TASK TO CARRY OUT
From the material below, return exactly the lines starting at the one that holds "Toalha Banho 100%" and ending at the one that holds "Koplampen LED Zwart". Pictures stay out of the answer.

INPUT FOR THIS TASK
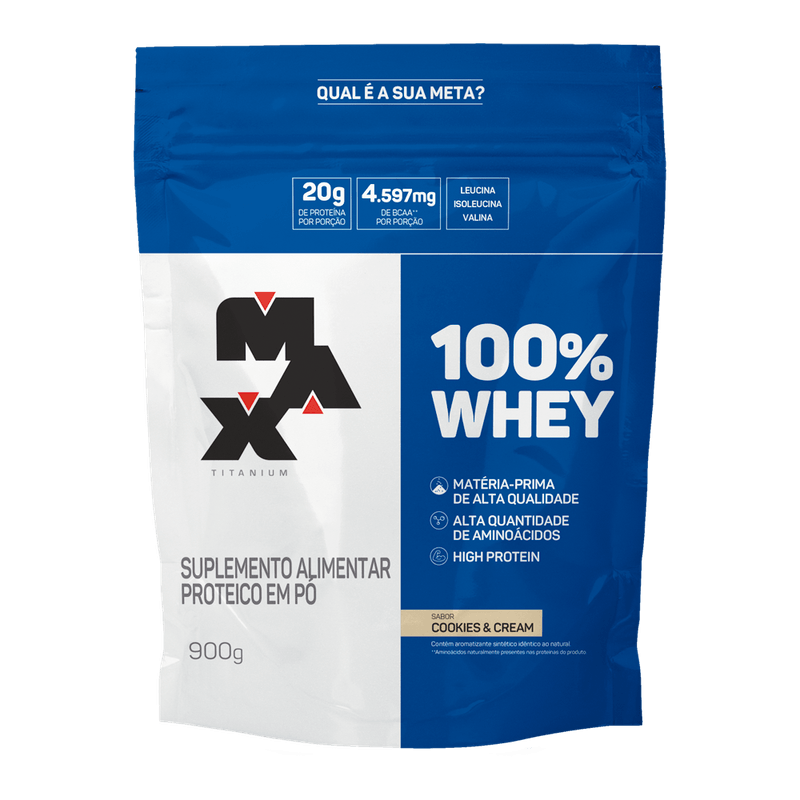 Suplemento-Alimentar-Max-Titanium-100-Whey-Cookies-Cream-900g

...

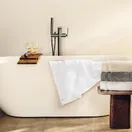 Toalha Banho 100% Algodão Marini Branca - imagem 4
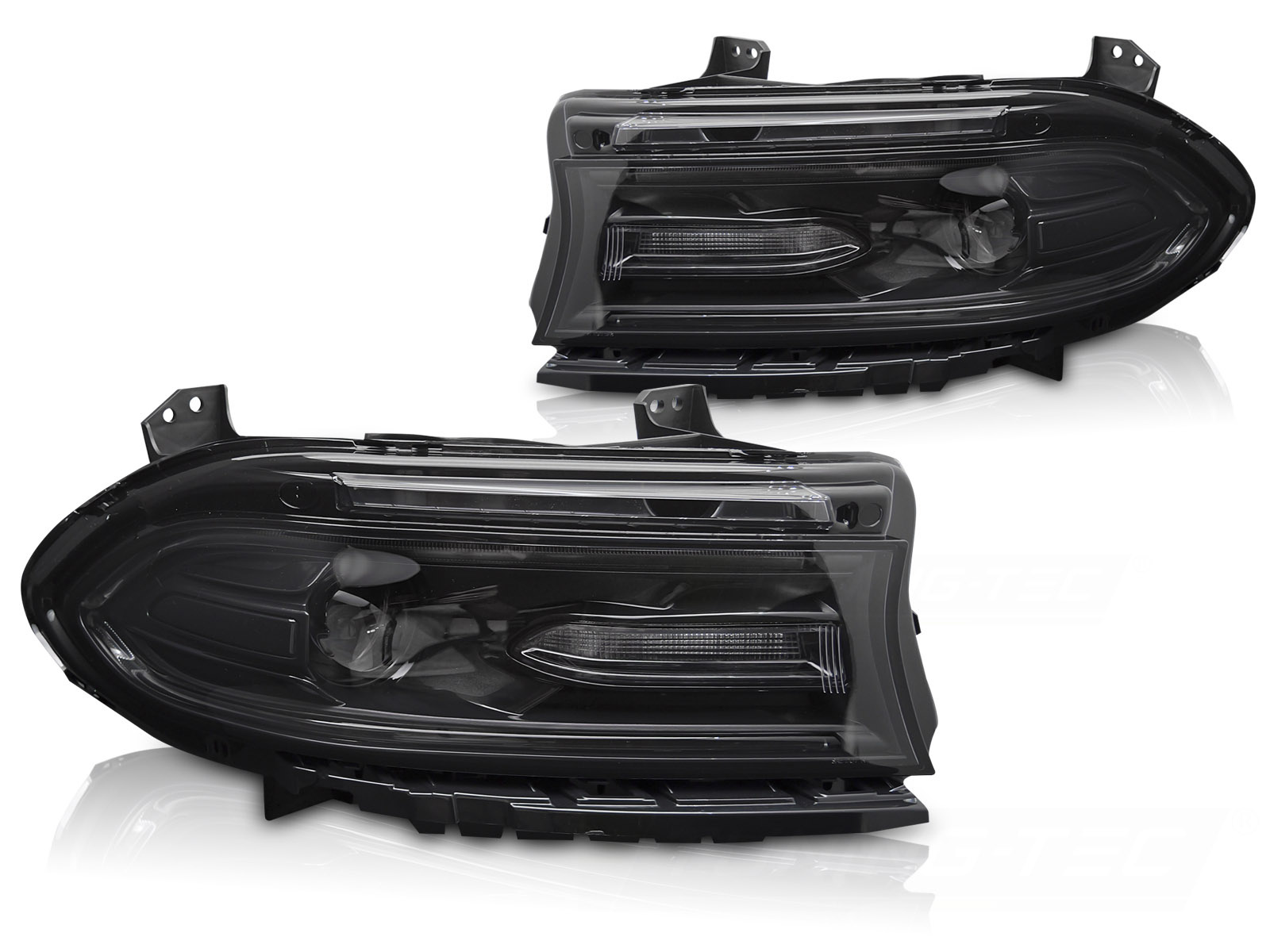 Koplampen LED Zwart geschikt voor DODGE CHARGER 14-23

---

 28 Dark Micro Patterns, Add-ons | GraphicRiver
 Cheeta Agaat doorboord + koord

RESPONSE TO THIS TASK
 Toalha Banho 100% Algodão Marini Branca - imagem 4
 Koplampen LED Zwart geschikt voor DODGE CHARGER 14-23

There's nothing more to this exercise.